Desde que vine al mundo permanecí confinada en un mismo lugar junto a otras compañeras iguales a mí. Eramos demasiadas y vivíamos amontonadas y apretujadas, pero lo pasábamos bien.
Pero un día, unas enormes manos me apresaron y, separándome de mis amigas, me encerraron en un pequeño y solitario cubículo. Este era tan estrecho que apenas podía moverme, la oscuridad allí dentro era total y, ese olor tan penetrante parecía invadirlo todo.
Desconozco cuánto tiempo estuve inmovilizada en ese lugar pero, de pronto, sentí unos sacudones acompañados de ruidos que nunca antes había escuchado y tuve la sensación de que todo aquel sitio comenzaba a girar vertiginosamente. Empecé a sentir náuseas, mareos, cuando el movimento cesó. Mejor dicho, pareció cesar puesto que, se movía, sólo que no giraba. El olor era ahora más fuerte, casi insoportable; me sentí ahogar en ese sucucho.

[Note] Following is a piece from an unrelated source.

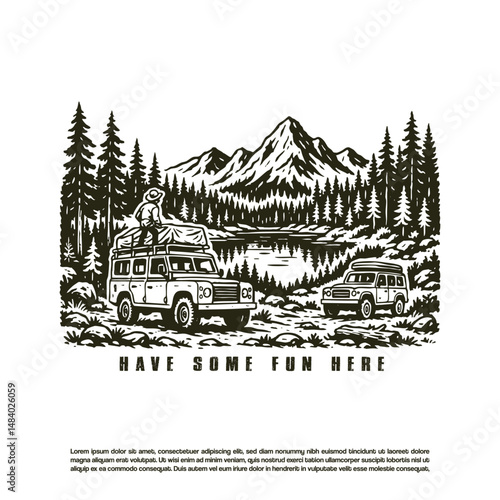 Vintage wild adventure forest vector.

Comencé a prestar atención, podía oir música a exageradamente alto volumen, también voces varias y algunas risas. Las voces fueron alzándose hasta transformarse en airados gritos.
De pronto, oí un chasquido y enseguida algo me propinó un violento empellón. Caí de bruces por un negro túnel y noté una gran claridad al final, hacia la que me acercaba velozmente. La luz me dio de lleno en la cara, cegándome momentáneamente. Cuando la visión retornó a mis ojos, pude apreciar que estaba volando; había sido despedida por la boca del túnel a gran velocidad, sin embargo, el viento que azotaba mi rostro, iba frenando mi aceleración. De repente, vi una gran mole blanca delante mío; hacia ella me dirigía en mi rápido vuelo. Sentí pánico. Iba a chocar contra esa cosa y nada podía hacer para impedirlo.
Una brusca conmoción frenó mi marcha por un instante y, me adentré en esa masa cálida y glutinosa.
Juan sintió un agudo dolor en su pecho y cayó de espaldas al suelo. Quiso maldecir a su atacante, pero no tuvo tiempo; la bala, alojándose en su corazón, lo había matado.